The Liberal Party is still very much a party of Toronto’s Bay Street (Canada’s equivalent to Wall Street). When the Liberals last held power from 1993 to 2006, a massive neoliberal restructuring was undertaken. Taxes and spending were slashed, and while Canada’s debt-to-GDP ratio was nearing 100 per cent in the mid-1990s, the amount of spending restraint needed to deal with this debt was overblown by the media and policymakers — leading to high levels of austerity that prevented an earlier economic recovery from the recession of the early 1990s.

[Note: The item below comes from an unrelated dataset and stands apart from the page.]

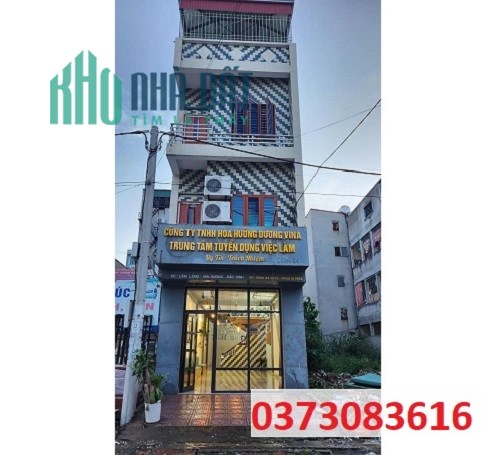 Chính chủ cho thuê cả nhà Lãm Làng, Vân Dương, Bắc Ninh; 11tr/th; 0373083616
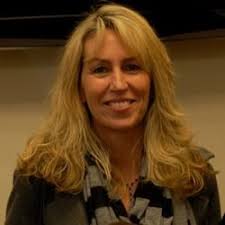 LAW OFFICES OF THOMAS G BORST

Trudeau’s commitment to fighting climate change has also been vague. He promises to work with the provinces to deal with the issue but hasn’t committed to hard targets for greenhouse gas reduction. He also supports the Keystone XL pipeline, and the Liberal campaign co-chair had to resign when his links as a lobbyist to energy companies became public knowledge.

Still, the Liberals’ moves in their early days have been so far positive. Canada is removing its fighter planes from bombing runs against Islamic State, and Trudeau has promised to call an inquiry into the issue of missing and murdered indigenous women, which has been one of the most pressing demands of First Nation activists — immediately.” The first weeks of a Liberal government will probably see them implement their most progressive policies like marijuana legalization. There will also be the initial honeymoon that many new governments face, and it’s likely that Canada will experience a kind of Trudeaumania 2.0” that will paper over the capital-friendly policies of the Trudeau goverment for a time.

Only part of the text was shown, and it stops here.